- [EXERCISE PROMPT]: Copy out the data in full and exactly, passing over the pictures.

- [PROVIDED INFORMATION]:
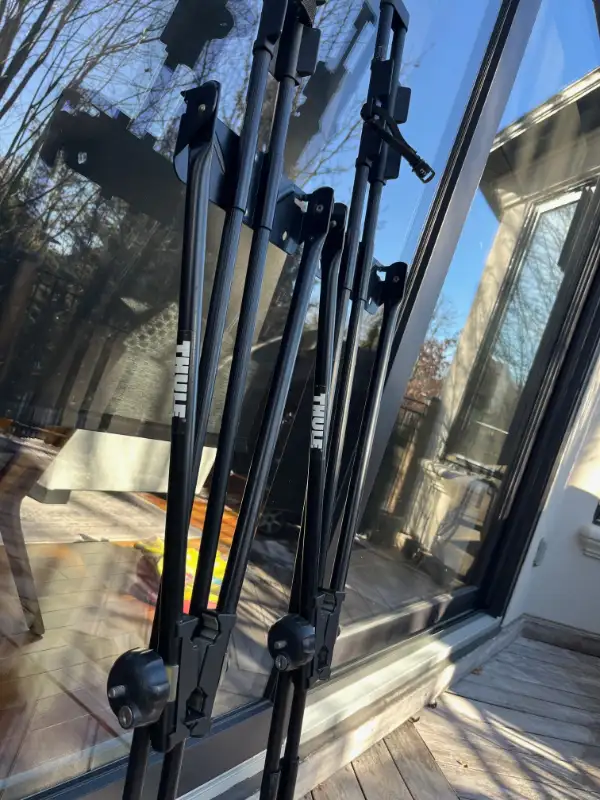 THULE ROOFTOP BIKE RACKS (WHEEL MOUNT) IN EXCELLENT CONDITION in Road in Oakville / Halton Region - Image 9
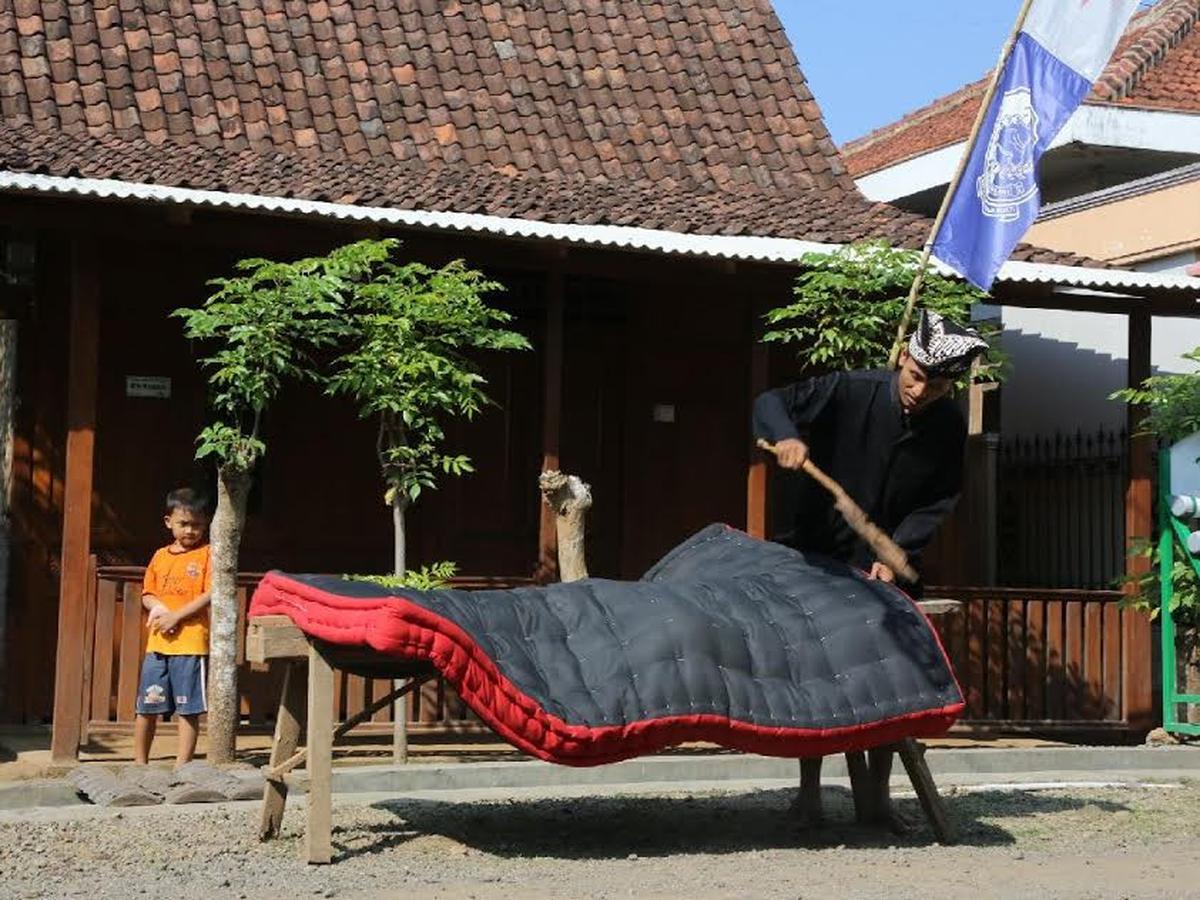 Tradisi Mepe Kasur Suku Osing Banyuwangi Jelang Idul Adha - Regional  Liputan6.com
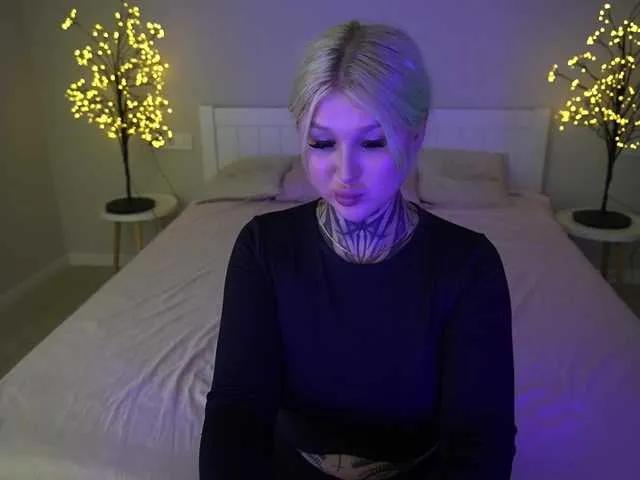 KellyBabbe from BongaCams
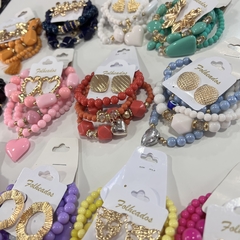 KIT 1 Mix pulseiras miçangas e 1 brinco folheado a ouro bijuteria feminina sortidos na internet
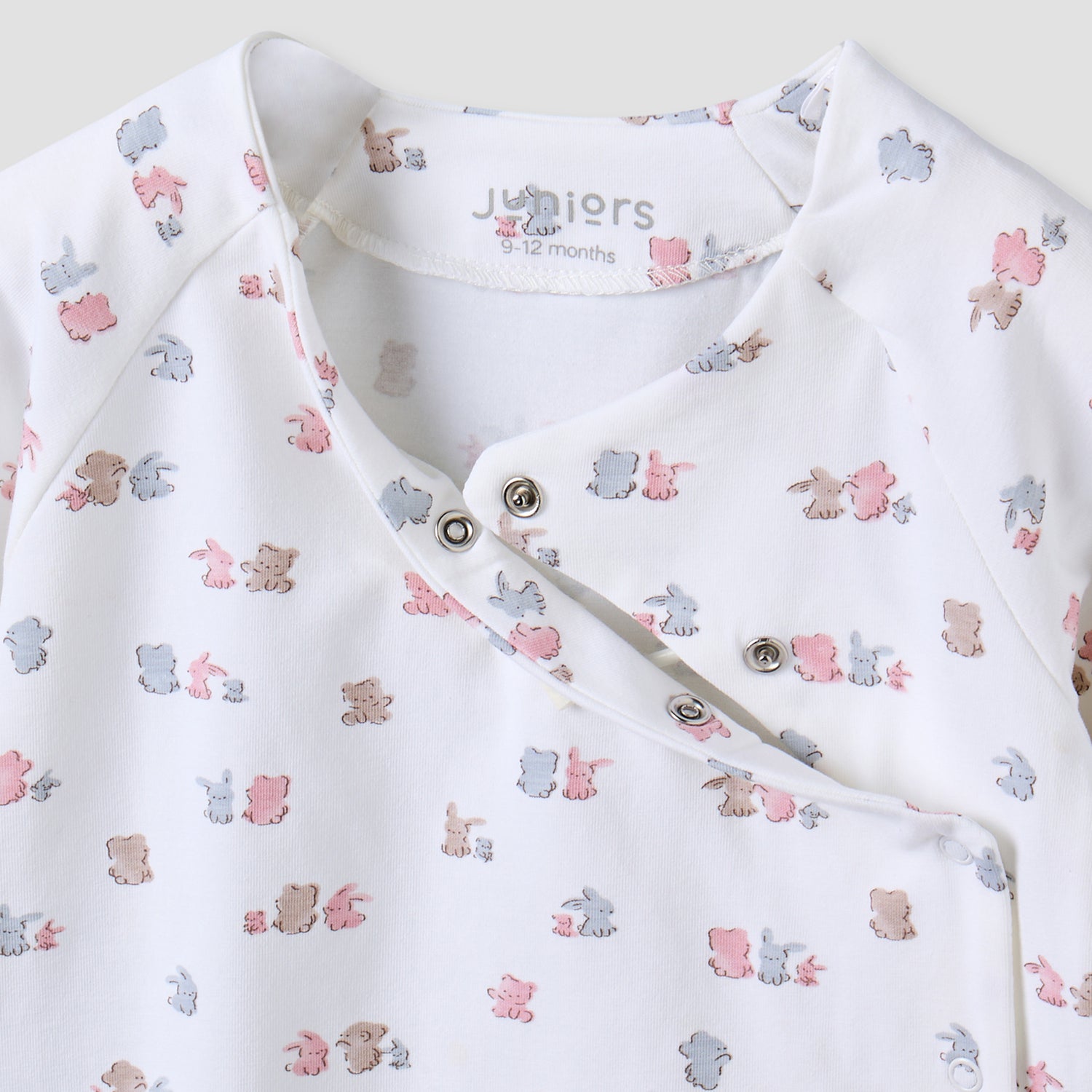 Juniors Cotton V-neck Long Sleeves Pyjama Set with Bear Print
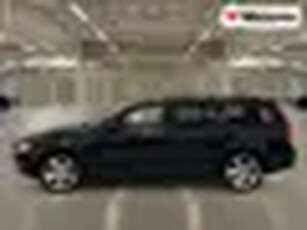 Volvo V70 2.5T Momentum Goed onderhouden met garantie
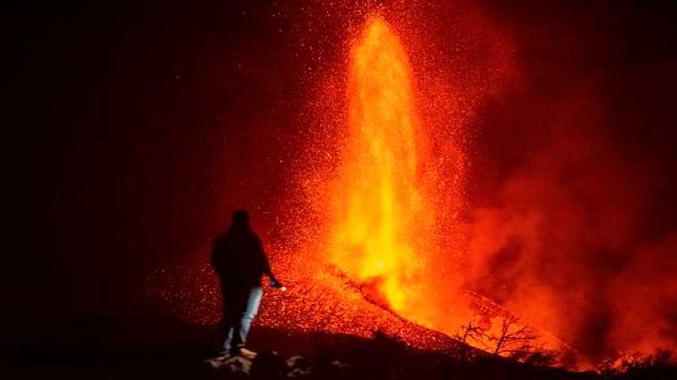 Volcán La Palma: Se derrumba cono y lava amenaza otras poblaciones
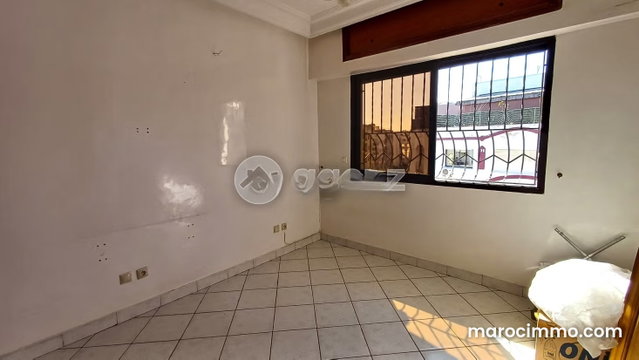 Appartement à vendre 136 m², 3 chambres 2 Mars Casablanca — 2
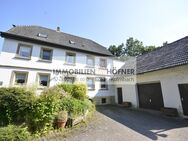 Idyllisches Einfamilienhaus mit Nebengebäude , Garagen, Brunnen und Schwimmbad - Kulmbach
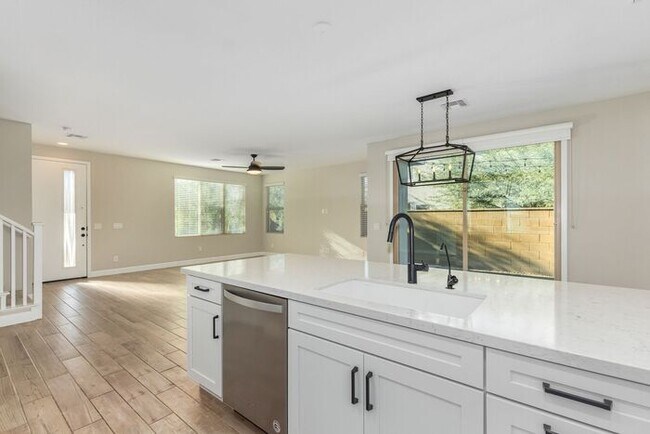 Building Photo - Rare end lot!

- [WRITTEN RESPONSE]:
 THULE ROOFTOP BIKE RACKS (WHEEL MOUNT) IN EXCELLENT CONDITION in Road in Oakville / Halton Region - Image 9
 Tradisi Mepe Kasur Suku Osing Banyuwangi Jelang Idul Adha - Regional  Liputan6.com
 KellyBabbe from BongaCams
 KIT 1 Mix pulseiras miçangas e 1 brinco folheado a ouro bijuteria feminina sortidos na internet
 Juniors Cotton V-neck Long Sleeves Pyjama Set with Bear Print
 Volvo V70 2.5T Momentum Goed onderhouden met garantie
 Volcán La Palma: Se derrumba cono y lava amenaza otras poblaciones
 Appartement à vendre 136 m², 3 chambres 2 Mars Casablanca — 2
 Idyllisches Einfamilienhaus mit Nebengebäude , Garagen, Brunnen und Schwimmbad - Kulmbach
 Building Photo - Rare end lot!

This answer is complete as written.